Susan Headley (born 1959, also known as Susy Thunder or Susan Thunder) was a phreaker and early computer hacker during the late 1970s and early 1980s. A member of the so-called Cyberpunks, Headley specialized in social engineering, a type of hacking which uses pretexting and misrepresentation of oneself in contact with targeted organizations in order to elicit information vital to hacking those organizations.

Biography 
Born in Altona, Illinois in 1959, Headley claims to have dropped out of school in the eighth grade after a difficult childhood.
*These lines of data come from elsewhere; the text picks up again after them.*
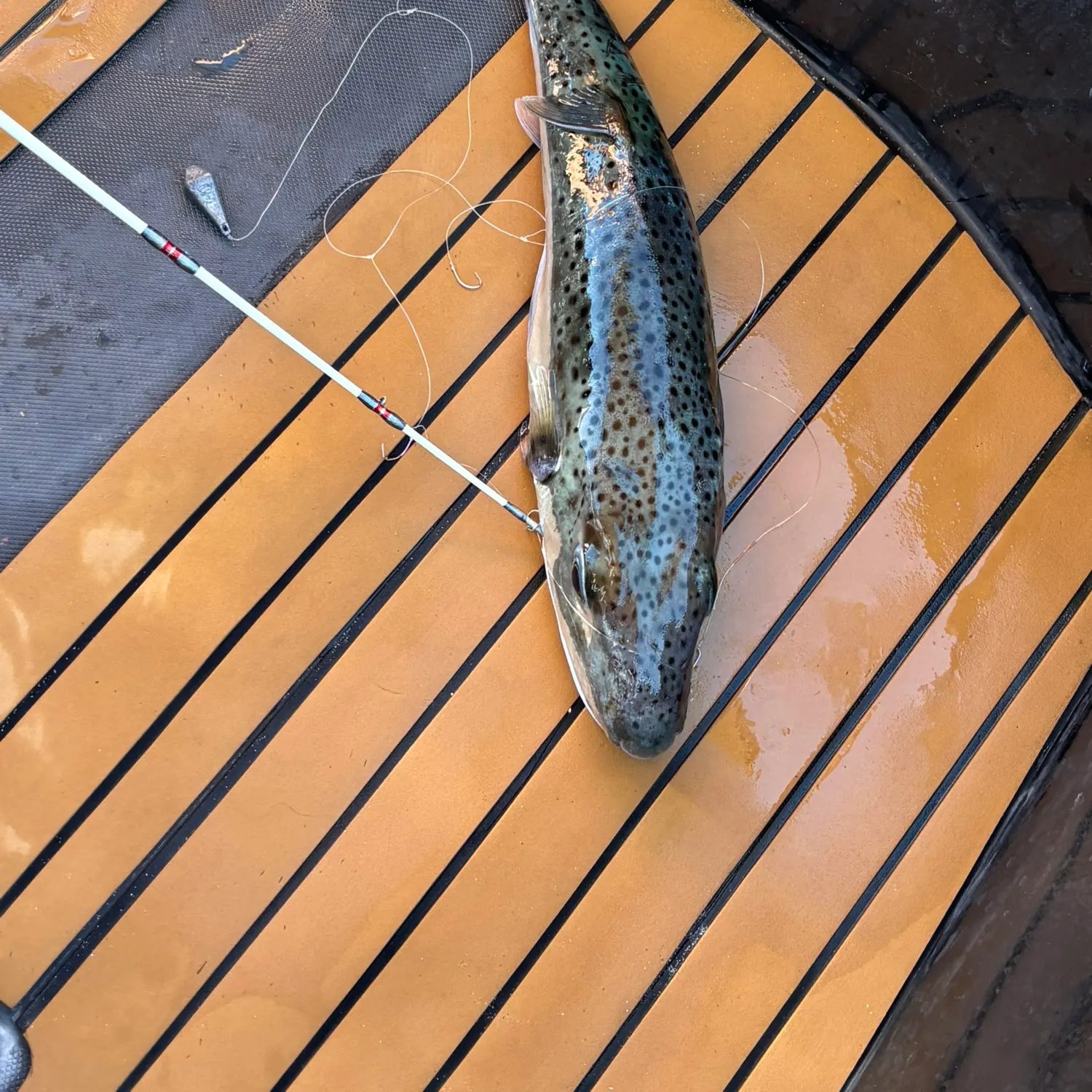 The most recent Oceanic puffer catches on Fishbrain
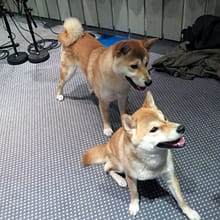 Shiba dog sound effects recordings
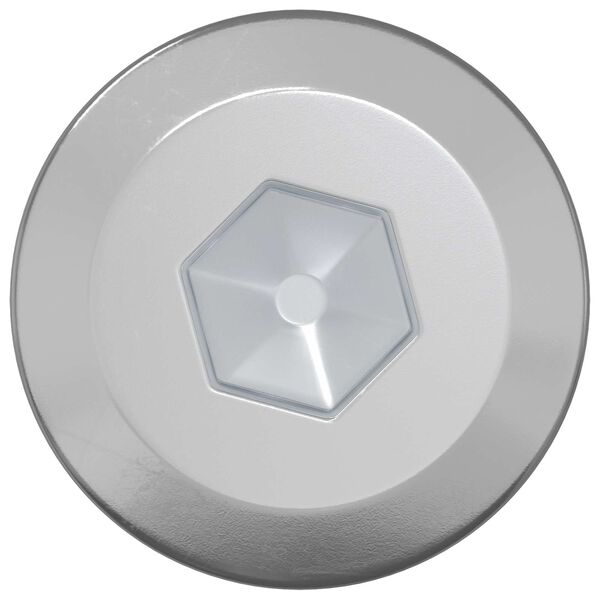 vidaXL Puuruuvit 2 pcs Hopea M6 x 70 mm Ter&auml;s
She later moved to Los Angeles, California where she worked as a teenage prostitute and was a rock 'n' roll groupie, claiming all four former members of the Beatles among her conquests.  She met computer hacker Kevin Mitnick (also known as Condor) in 1980, and together with another hacker, Lewis de Payne (also known as Roscoe), formed a gang of phone phreaks. In The Hacker's Handbook, Headley is referred to as "one of the earliest of the present generation of hackers" and described as successfully hacking the US phone system as a 17-year-old in 1977.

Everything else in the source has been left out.